Apparently no longer content to picket the funerals of gays and lesbians and fallen U.S. soldiers, the Westboro Baptist Church says its planning a field trip – to Norway.

The group posted a press release on their oh-so-subtly named website last week (which is just beginning to make the rounds online now) announcing their plans to protest at the funerals of the victims of last month’s domestic terror attacks that rocked the Scandinavian nation.

The Topeka-based church claims homosexuality is a sin and views pretty much anything bad that happens to Americans as a proof that God is angry with the U.S. The fringe group appears to apply that logic to both sides of the Atlantic. The release claims that “God formed [Andres Breivik] and appointed him to punish Norway.”

In particular, the church takes issue with Norwegian laws that allow gays to wed and to adopt children. “Did you think God would wink at that in-your-face sin forever?” the group writes. “No! He sent the killer to slaughter 75+ of your children and citizens.”

The group is known for picketing high-profile funerals in a bid to gain press coverage, but also has a history of failing to follow through on its promises. A church spokesman confirmed to Norwegian broadcaster NRK that the group plans to picket the funerals in Norway, but he said that church leaders were "not completely sure when yet."
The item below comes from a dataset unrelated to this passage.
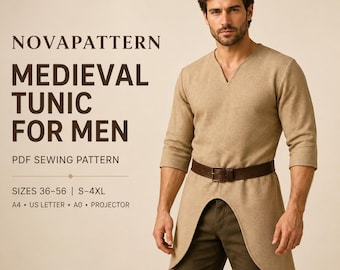 Patrón de costura de túnica vikinga medieval para hombre, patrón de camisa renacentista, top de traje histórico (PDF), traje de cosplay LARP (tamaño A4, A0, carta estadounidense)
The group formally won the right to picket funerals in the U.S. when the Supreme Court ruled in March that doing so was protected by the First Amendment. But that doesn’t mean those rights extend to Norway, where the nation has laws banning hate speech, as The Atlantic Wire notes.

A Norwegian police official called the group’s plans “one of the worst ideas in the world at the moment.” Oslo Police chief of staff Johan Fredriksen told Norwegian broadcaster NRK: “Normal thinking people do not think in such a way. ... These statements confirm that humans are the world’s most complicated construction, this is beyond any common sense and we have problems with relating to it.”